**Exercise description**:
Go through the data and copy every line exactly, but not the images.

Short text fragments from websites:
-- Opening Marker --

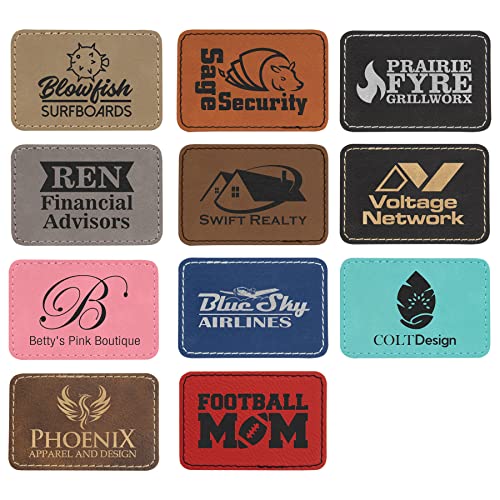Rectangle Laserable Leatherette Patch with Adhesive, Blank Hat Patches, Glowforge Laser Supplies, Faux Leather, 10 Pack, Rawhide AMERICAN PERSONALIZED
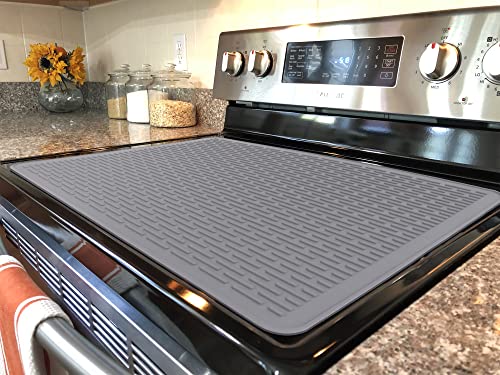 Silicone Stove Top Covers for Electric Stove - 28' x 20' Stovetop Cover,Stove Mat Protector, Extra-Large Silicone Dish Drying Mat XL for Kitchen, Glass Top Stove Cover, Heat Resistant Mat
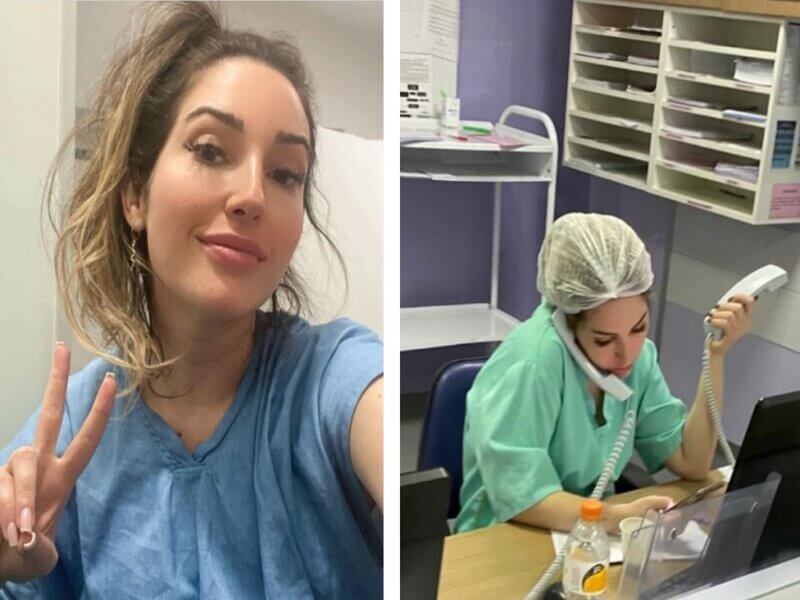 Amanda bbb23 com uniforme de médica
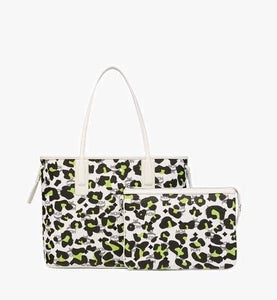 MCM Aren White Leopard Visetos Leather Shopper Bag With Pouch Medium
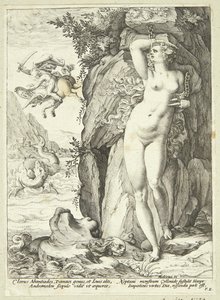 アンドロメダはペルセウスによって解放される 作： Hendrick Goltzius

-- Closing Marker --

**Task answer**:
Rectangle Laserable Leatherette Patch with Adhesive, Blank Hat Patches, Glowforge Laser Supplies, Faux Leather, 10 Pack, Rawhide AMERICAN PERSONALIZED
 Silicone Stove Top Covers for Electric Stove - 28' x 20' Stovetop Cover,Stove Mat Protector, Extra-Large Silicone Dish Drying Mat XL for Kitchen, Glass Top Stove Cover, Heat Resistant Mat
 Amanda bbb23 com uniforme de médica
 MCM Aren White Leopard Visetos Leather Shopper Bag With Pouch Medium
 アンドロメダはペルセウスによって解放される 作： Hendrick Goltzius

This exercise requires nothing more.